On 05/13/2017 at 04:35 AM, Jerry Hoemann wrote:
On Tue, May 09, 2017 at 07:52:09PM +0800, Xunlei Pang wrote:
> We met a problem on AMD machines, when using "nr_cpus=4" for
> kdump, and crash happens on cpus other than cpu0, kdump kernel
> will fail to boot and eventually reset.
>
> After some debugging, we found that it stuck at the kernel path
> do_boot_cpu()-> ... ->wakeup_secondary_cpu_via_init():
> apic_icr_write(APIC_INT_LEVELTRIG|APIC_INT_ASSERT|APIC_DM_INIT,
> phys_apicid);
> that is, it stuck at sending INIT from AP to BP and reset, which
> is actually what "disable_cpu_apicid=X" tries to solve. Printing
> the value of @phys_apicid showed that it was the value of "apicid"
> other that of "initial apicid" showed by /proc/cpuinfo.
>
> As described in x86 specification:
> "In MP systems, the local APIC ID is also used as a processor ID by the
> BIOS and the operating system. Some processors permit software to modify
> the APIC ID. However, the ability of software to modify the APIC ID is
> processor model specific. Because of this, operating system software
> should avoid writing to the local APIC ID register. The value returned by
> bits 31-24 of the EBX register (when the CPUID instruction is executed with a
> source operand value of 1 in the EAX register) is always the Initial APIC ID
> (determined by the platform initialization). This is true even if software
> has changed the value in the Local APIC ID register."
>
> From kernel commit 151e0c7de("x86, apic, kexec: Add disable_cpu_apicid
> kernel parameter"), we can see in generic_processor_info(), it uses
> a)read_apic_id() and b)@apicid to compare with @disabled_cpu_apicid.
>
Do you plan to clarify the kernel documentation:
Documentation/admin-guide/kernel-parameters.txt?

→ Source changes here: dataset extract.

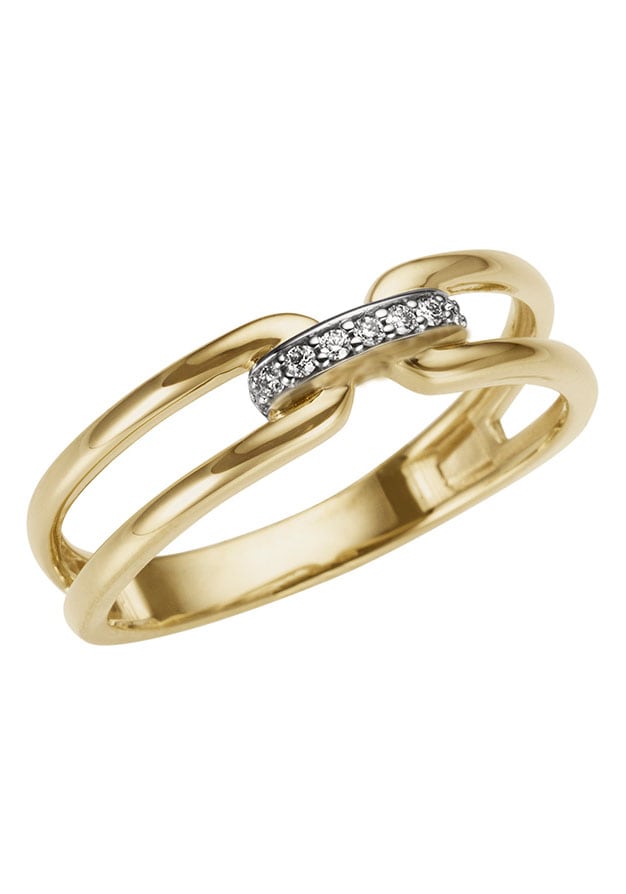 Firetti Diamantring »Schmuck Geschenk, Kettenlied-Optik Form« ovaler bestellen in online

Yes, will do after this patch is finalized.
Regards,
Xunlei
Thanks
Jerry
> a)@apicid which is actually @phys_apicid above-mentioned is from the
> following calltrace(on the problematic AMD machine):
> generic_processor_info+0x37/0x300
> acpi_register_lapic+0x30/0x90
> acpi_parse_lapic+0x40/0x50
> acpi_table_parse_entries_array+0x171/0x1de
> acpi_boot_init+0xed/0x50f
> The value of @apicid(from acpi MADT) is equal to the value of "apicid"
> showed by /proc/cpuinfo as proved by our debug printk.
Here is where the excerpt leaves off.